▶ Assignment: Dropping every picture, set down exactly the lines in the entries below, starting with the line with "As soon as these" and going on through the line with "If we try to".

▶ Exercise materials:

********

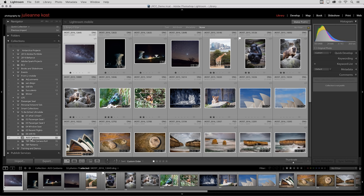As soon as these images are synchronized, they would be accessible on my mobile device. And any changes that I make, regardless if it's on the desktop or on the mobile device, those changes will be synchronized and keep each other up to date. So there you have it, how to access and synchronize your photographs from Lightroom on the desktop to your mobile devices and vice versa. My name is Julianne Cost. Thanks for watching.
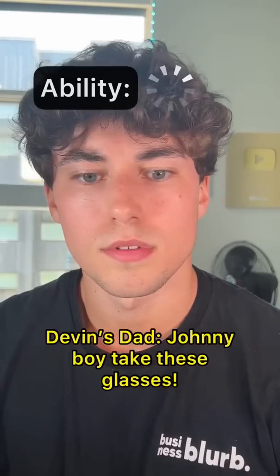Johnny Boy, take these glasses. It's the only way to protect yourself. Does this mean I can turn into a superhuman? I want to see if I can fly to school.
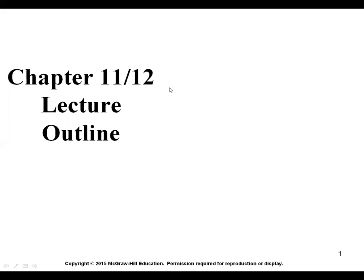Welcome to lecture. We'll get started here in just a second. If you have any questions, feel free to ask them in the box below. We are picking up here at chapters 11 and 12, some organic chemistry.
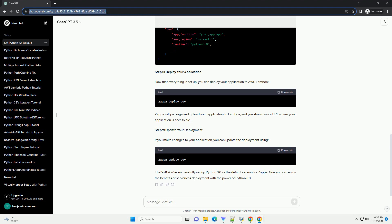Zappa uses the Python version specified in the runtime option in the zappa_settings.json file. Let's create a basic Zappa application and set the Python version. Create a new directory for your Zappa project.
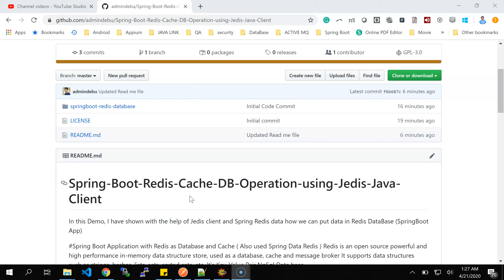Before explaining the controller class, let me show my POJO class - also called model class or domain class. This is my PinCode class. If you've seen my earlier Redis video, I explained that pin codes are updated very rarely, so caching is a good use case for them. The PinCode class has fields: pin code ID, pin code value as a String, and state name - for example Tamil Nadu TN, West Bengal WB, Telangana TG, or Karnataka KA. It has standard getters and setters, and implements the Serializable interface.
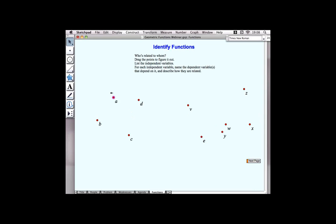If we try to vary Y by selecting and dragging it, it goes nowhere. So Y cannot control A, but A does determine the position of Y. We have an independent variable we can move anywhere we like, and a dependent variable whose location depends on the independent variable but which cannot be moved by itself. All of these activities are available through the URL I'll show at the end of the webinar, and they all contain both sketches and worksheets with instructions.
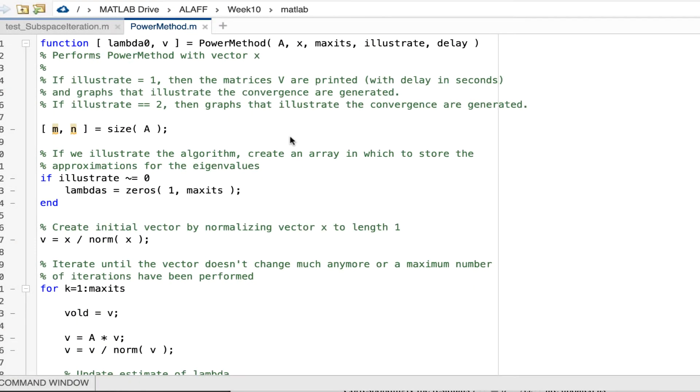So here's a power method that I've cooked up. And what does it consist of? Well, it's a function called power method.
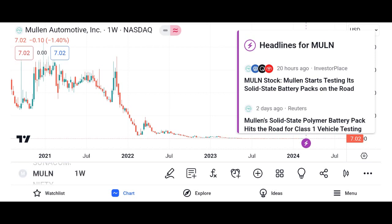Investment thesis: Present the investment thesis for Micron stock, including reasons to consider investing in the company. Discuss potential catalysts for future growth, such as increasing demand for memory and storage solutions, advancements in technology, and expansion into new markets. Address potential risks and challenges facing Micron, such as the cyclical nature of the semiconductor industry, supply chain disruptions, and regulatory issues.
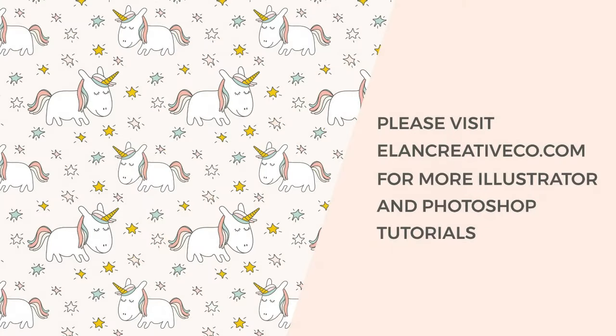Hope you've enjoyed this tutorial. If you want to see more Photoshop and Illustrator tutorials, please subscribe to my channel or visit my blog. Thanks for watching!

********

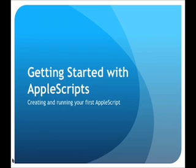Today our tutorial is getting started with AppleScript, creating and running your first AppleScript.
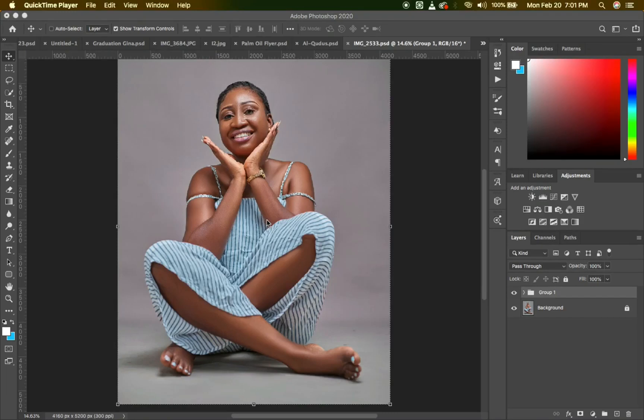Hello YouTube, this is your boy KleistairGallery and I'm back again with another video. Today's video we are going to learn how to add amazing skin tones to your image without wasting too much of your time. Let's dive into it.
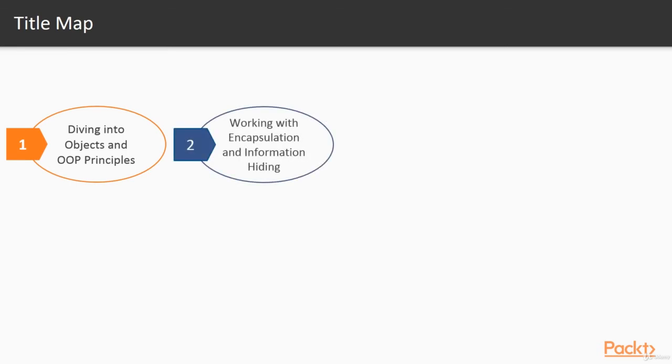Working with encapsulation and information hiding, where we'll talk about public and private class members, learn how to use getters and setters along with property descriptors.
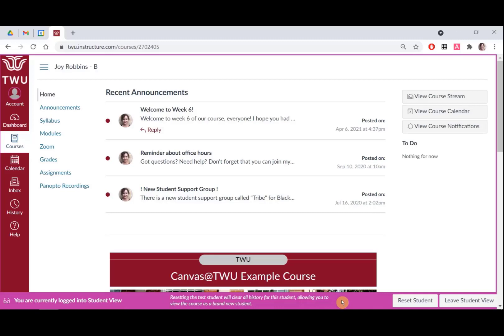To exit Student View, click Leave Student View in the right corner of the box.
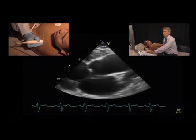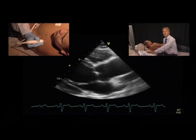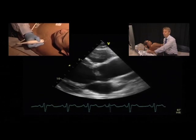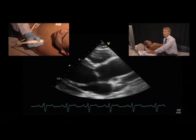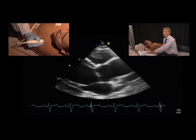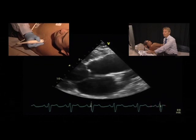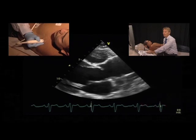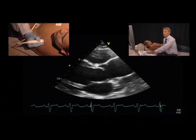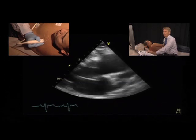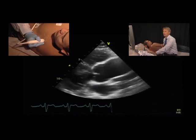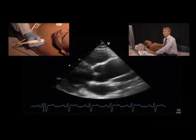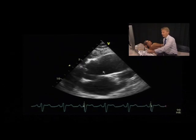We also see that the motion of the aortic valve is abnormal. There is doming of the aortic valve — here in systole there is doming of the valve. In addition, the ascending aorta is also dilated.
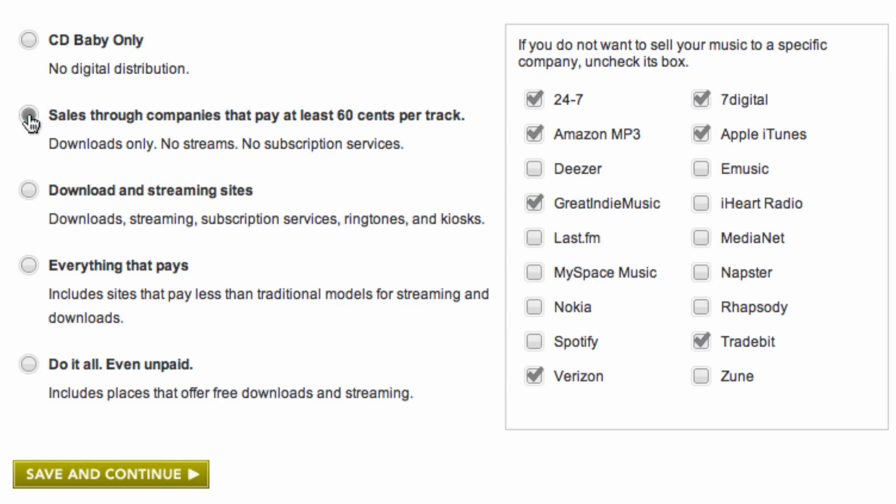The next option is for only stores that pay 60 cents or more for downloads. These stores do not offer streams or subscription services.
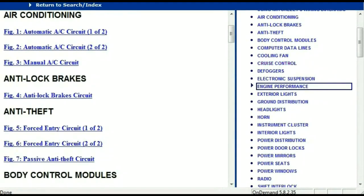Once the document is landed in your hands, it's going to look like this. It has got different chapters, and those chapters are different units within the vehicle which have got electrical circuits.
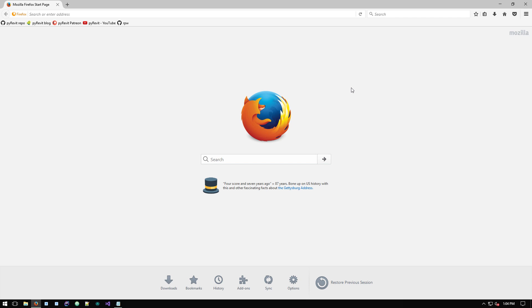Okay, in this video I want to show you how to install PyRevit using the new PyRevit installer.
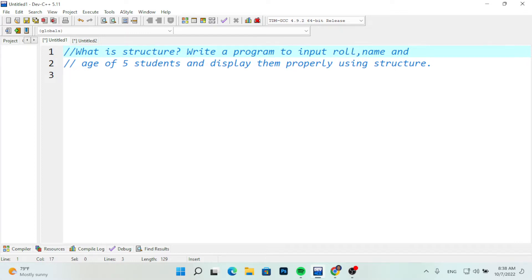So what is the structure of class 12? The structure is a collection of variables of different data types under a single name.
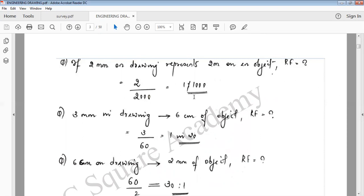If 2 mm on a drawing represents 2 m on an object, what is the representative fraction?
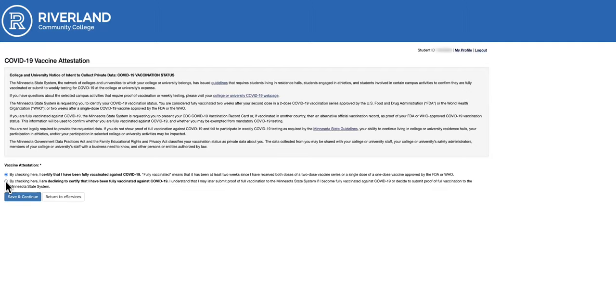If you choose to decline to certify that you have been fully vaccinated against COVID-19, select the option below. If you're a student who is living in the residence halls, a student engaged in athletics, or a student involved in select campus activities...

********

▶ Solution:
As soon as these images are synchronized, they would be accessible on my mobile device. And any changes that I make, regardless if it's on the desktop or on the mobile device, those changes will be synchronized and keep each other up to date. So there you have it, how to access and synchronize your photographs from Lightroom on the desktop to your mobile devices and vice versa. My name is Julianne Cost. Thanks for watching.
Johnny Boy, take these glasses. It's the only way to protect yourself. Does this mean I can turn into a superhuman? I want to see if I can fly to school.
Welcome to lecture. We'll get started here in just a second. If you have any questions, feel free to ask them in the box below. We are picking up here at chapters 11 and 12, some organic chemistry.
Zappa uses the Python version specified in the runtime option in the zappa_settings.json file. Let's create a basic Zappa application and set the Python version. Create a new directory for your Zappa project.
Before explaining the controller class, let me show my POJO class - also called model class or domain class. This is my PinCode class. If you've seen my earlier Redis video, I explained that pin codes are updated very rarely, so caching is a good use case for them. The PinCode class has fields: pin code ID, pin code value as a String, and state name - for example Tamil Nadu TN, West Bengal WB, Telangana TG, or Karnataka KA. It has standard getters and setters, and implements the Serializable interface.
If we try to vary Y by selecting and dragging it, it goes nowhere. So Y cannot control A, but A does determine the position of Y. We have an independent variable we can move anywhere we like, and a dependent variable whose location depends on the independent variable but which cannot be moved by itself. All of these activities are available through the URL I'll show at the end of the webinar, and they all contain both sketches and worksheets with instructions.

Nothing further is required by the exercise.